Tony LaRussa is back in baseball as the Chicago White Sox manager, but he is also facing a drunk driving charge following his arrest in February of this year. This is LaRussa’s 2nd DUI and the first occurred more than 10 years ago in Jupiter, FL where he pled guilty in 2007 to misdemeanor DUI. This current case is in Phoenix, Arizona. More than likely LaRussa could end up pleading guilty to some type of DUI charge but this is a perfect example of how not to handle a drunk driving stop. While he is a hall of fame baseball manager, a lawyer, he knows nothing about how to handle a drunk driving stop and an arrest.
Possible pre-trial legal arguments that could help LaRussa
Obviously, before entering plea, LaRussa’s criminal defense lawyer should evaluate possible pre-trial motions which should focus on suppressing the evidence against him. Remember that a motion to suppress will focus on the reasonable suspicion and or probable cause to stop a driver and or the reasonable suspicion and or probable cause to arrest the driver for drunk driving. This is often the best way to fight a drunk driving charge before trial.
LaRussa was arrested after police responded to an alleged accident in which LaRussa ran his car into a curve and left it smoking on the side of the road in Phoenix, AZ. This set of circumstances probably means that his attorney won’t be able to successfully argue a motion to suppress for lack of probable cause to stop LaRussa. The accident itself provides police with sufficient probable cause to stop a driver for suspicion of drunk driving (DUI).
Why LaRussa didn’t handle his DUI arrest the right way.
Remember, however, that DUI/DWI isn’t limited to alcohol and can also involve illegal and legal/prescription drugs. There is no evidence however that this case involved anything but alcohol. Authorities charged the hall of fame manager with driving under the influence and alleged that his BAC exceeded .08 (the legal limit). LaRussa however refused the chemical tests (blood tests) even though police obtained a search warrant to obtain 2 vials of his blood following the incident. Its important to keep in mind that in most situations, police are required to obtain a search warrant for blood following the United States Supreme Court decision in Birchfield relating to search warrants and blood tests. Keep in mind that the Birchfield decision does not apply to breathalyzer tests.

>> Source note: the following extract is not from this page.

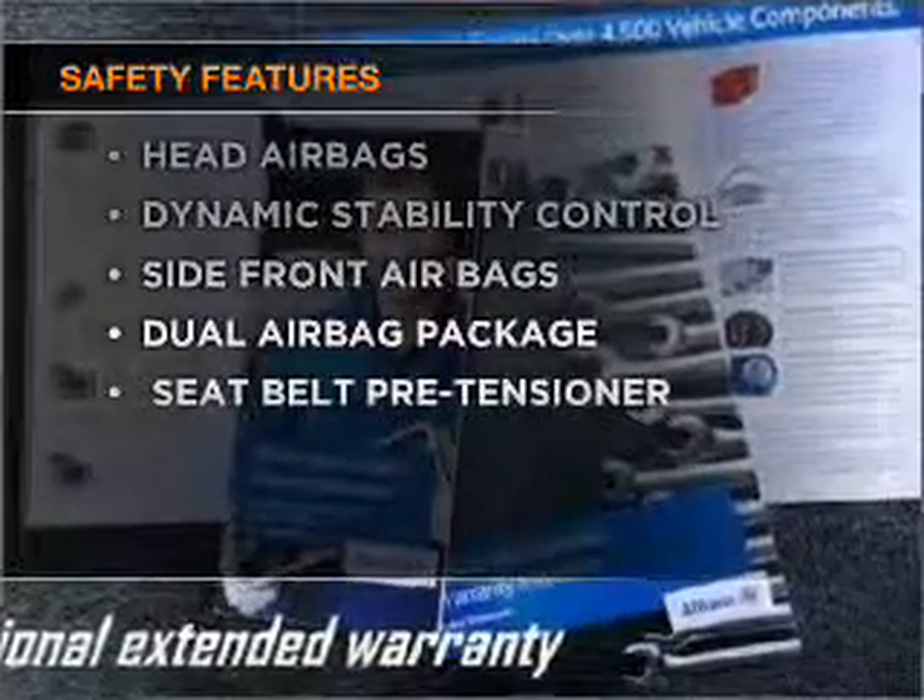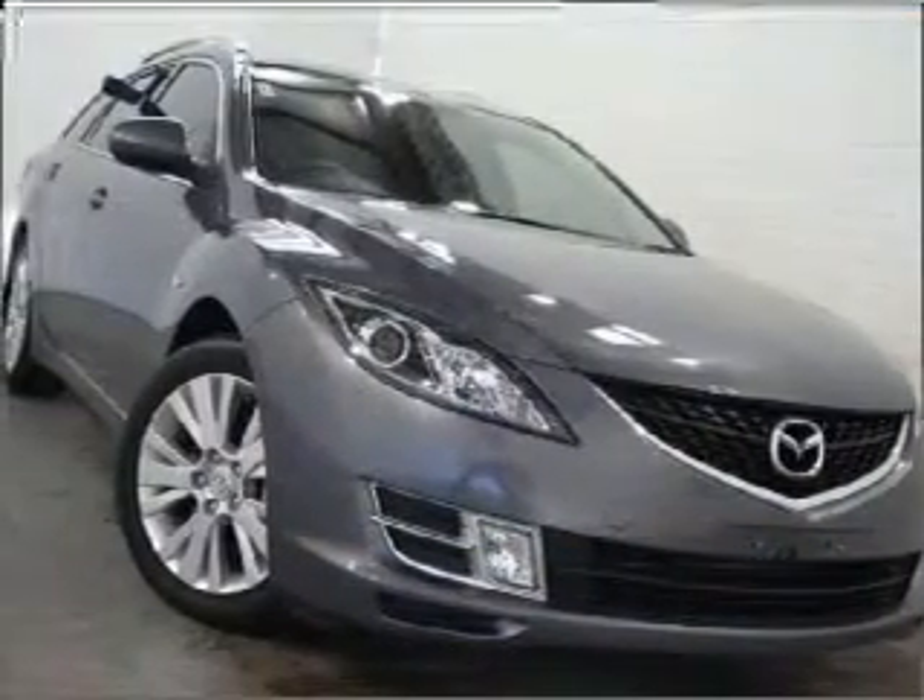If safety is a high priority, rest assured knowing these top safety components are included. Call today to schedule a test drive.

LaRussa should not have refused the chemical test and this will not help his criminal case. While it is likely that LaRussa will not face any type of jail time or any serious consequences. Arizona, like Pennsylvania and New Jersey, may have a separate criminal offense for refusing a chemical test relating to a DUI. Regardless of the outcome of the criminal case, Arizona, like PA and NJ, will likely suspend LaRussa’s driving privileges through administrative sanctions. Like New Jersey and Pennsylvania, Arizona is an “implied consent” state which means that as a precondition for obtaining a driver’s license or driving privileges the driver gives implied consent to submit to a DUI, blood, or urine test. Similarly, if a person refuses a chemical test in Arizona, it results in a 1-year drivers license suspension for a first offense just like Pennsylvania and New Jersey.
What could have made the case better?
What is interesting is that LaRussa agreed to take a field sobriety test when he had every right to refuse it especially since there is evidence to suggest that LaRussa could not have correctly performed the test due to his age (76) and a prior surgery. If LaRussa had explained to the officer that he could not take the test it would have been better than taking the test which likely showed failing results. At a potential trial, the prosecution can not only introduce LaRussa’s refusal as consciousness of guilt but draw attention to his inability to correctly perform the field sobriety test.